# LGB Big Thunder smoke?



## hans911 (Jan 9, 2008)

I recently purchased a little LGB Disney Big Thunder loco. It doesn't look like this comes with a smoke unit. 

Does anyone know if this originally came with smoke? If not, is there a simple way to add one? Any and all suggestions are appreciated.

Thanks


----------



## Dan Pierce (Jan 2, 2008)

92377 is a similiar loco and for analog track power operation you need a 18 volt smoke unit. 

Engine needs to be taken apart to connect the smoke unit wires the first time. 

Paste this link in your browser and look for 92377-1 

http://www.gartenbahn.at/index.php?menuid=34&reporeid=66


----------



## George Schreyer (Jan 16, 2009)

Pull off the stack and see if there is anything underneath. 

Also, see 

http://www.girr.org/girr/tips/tips1/big_hauler_tips.html 

for info about the existing smoke unit and the way to upgrade to a Seuthe (LGB) unit


----------



## hans911 (Jan 9, 2008)

Thanks for the tips guys. It looks like I'll have to take things apart and see if I can drop an LGB smoke unit in. According to the exploded diagram there is a green and white wire underneath for power. Should I connect to that and fire it up?
Also how do I know it needs an 18 volt smoke unit and not a 5 volt one?

Paul H


----------



## George Schreyer (Jan 16, 2009)

Unless you install a 5 volt regulator, it will need a high voltage one. If you consistently run track voltages higher than 20 volts, use a 24 volt unit.


----------



## Dan Pierce (Jan 2, 2008)

For analog track power, this engine is best suited with an 18 volt smoke unit as the power to the track/engine is usually less than 18 volts. 

At 18 volts or more, the train is flying and cars will fall off the curves if plastic wheels on R1(4 foot diameter) curves. 

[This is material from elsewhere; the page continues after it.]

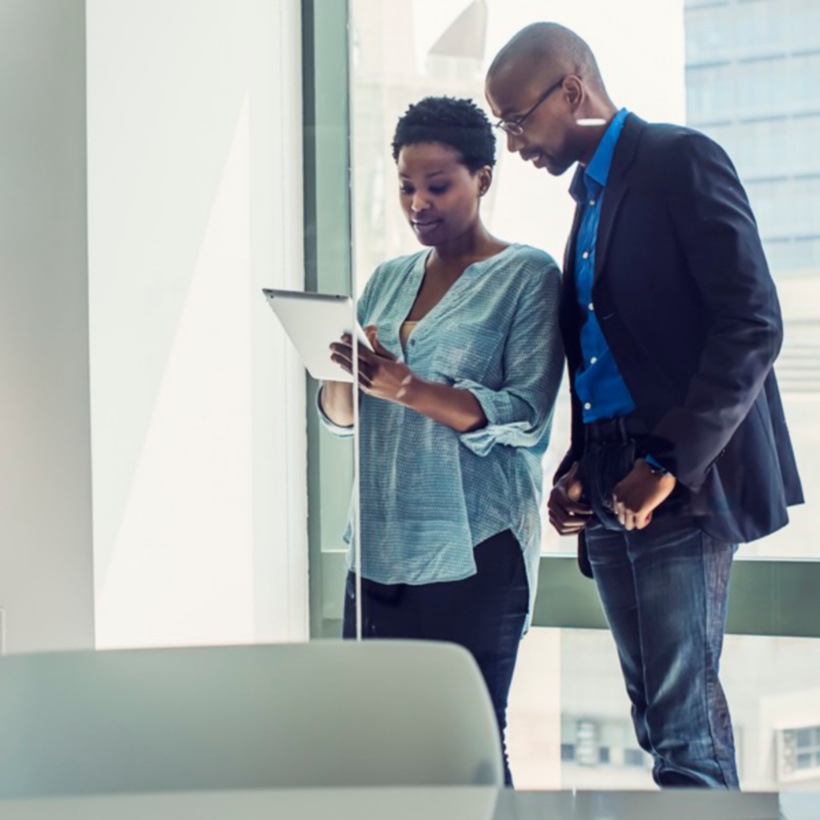 Two office workers looking at a tablet in a conference room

And yes for connecting to the green and white wires for a track power connection.


----------



## stevedenver (Jan 6, 2008)

well actually 
there should be pins on the board for the smoke unit-they should simply plug into the board-but stright from track will work fine too 

and the 18v smoke unit version is the one to use, unless as noted -you can put in a resistor and use a 5v0which will give better smoke without high track voltage 

the porters runs pretty efficiently and youll need to be flying to get much smoke 

did this with my Otto-not sure i would spend the money again given stingy smokage at normal voltage


----------



## Dan Pierce (Jan 2, 2008)

Steve, most toytrain engines (LGB series 9xxxx) I have seen do not have boards. There is a slot for a 3 position switch, but switch is missing.


----------



## hans911 (Jan 9, 2008)

Steve,
So based on your previous experience with this little loco sounds like you'd use the 5v unit with the resistor to have better smoke output? would you happen to have a rough wiring diagram for this?

PH


----------



## Dan Pierce (Jan 2, 2008)

Resistor for a 5 volt unit running on 18 volts needs to be a fairly large wattage. 

A 5 volt smoke unit draws approx 100ma, times 13 volts (assumed 18 minus 5) gives a resistor of 130 ohms at 1.3 watts, therefore needing a 2 to 3 watt resistor. 

I would go with the 18 volt unit for lower current draw and no resistor to burn my plastic engine frm the heat if run at 24 volts!!!! 

The smoke unit has a coating to prevent the heater from burning the plastic smoke stack. 

I use 5 volt smoke units when installing 6 volt egulators and I use the metal weight for te heat sink on the LM7806/7806 regulator. 

5 volt units run great on 6 volts as do the lights in engines. (LGB used up to 6.8 volts in many engines!!).


----------